What to produce: Return the line that contains "as Marshall Lee" plus every line after it to the end of the entries below, exactly as given, and stop there.

Items from a dataset:
= Beginning of Section =
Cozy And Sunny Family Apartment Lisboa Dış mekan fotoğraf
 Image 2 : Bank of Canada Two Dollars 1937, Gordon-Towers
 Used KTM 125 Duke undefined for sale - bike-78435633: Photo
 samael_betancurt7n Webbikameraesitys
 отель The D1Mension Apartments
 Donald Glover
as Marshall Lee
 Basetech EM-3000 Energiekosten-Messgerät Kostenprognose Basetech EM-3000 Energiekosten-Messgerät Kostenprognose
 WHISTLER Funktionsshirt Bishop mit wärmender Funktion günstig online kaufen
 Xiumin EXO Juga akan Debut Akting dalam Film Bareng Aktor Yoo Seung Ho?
= End of Section =
Exercise response:
as Marshall Lee
 Basetech EM-3000 Energiekosten-Messgerät Kostenprognose Basetech EM-3000 Energiekosten-Messgerät Kostenprognose
 WHISTLER Funktionsshirt Bishop mit wärmender Funktion günstig online kaufen
 Xiumin EXO Juga akan Debut Akting dalam Film Bareng Aktor Yoo Seung Ho?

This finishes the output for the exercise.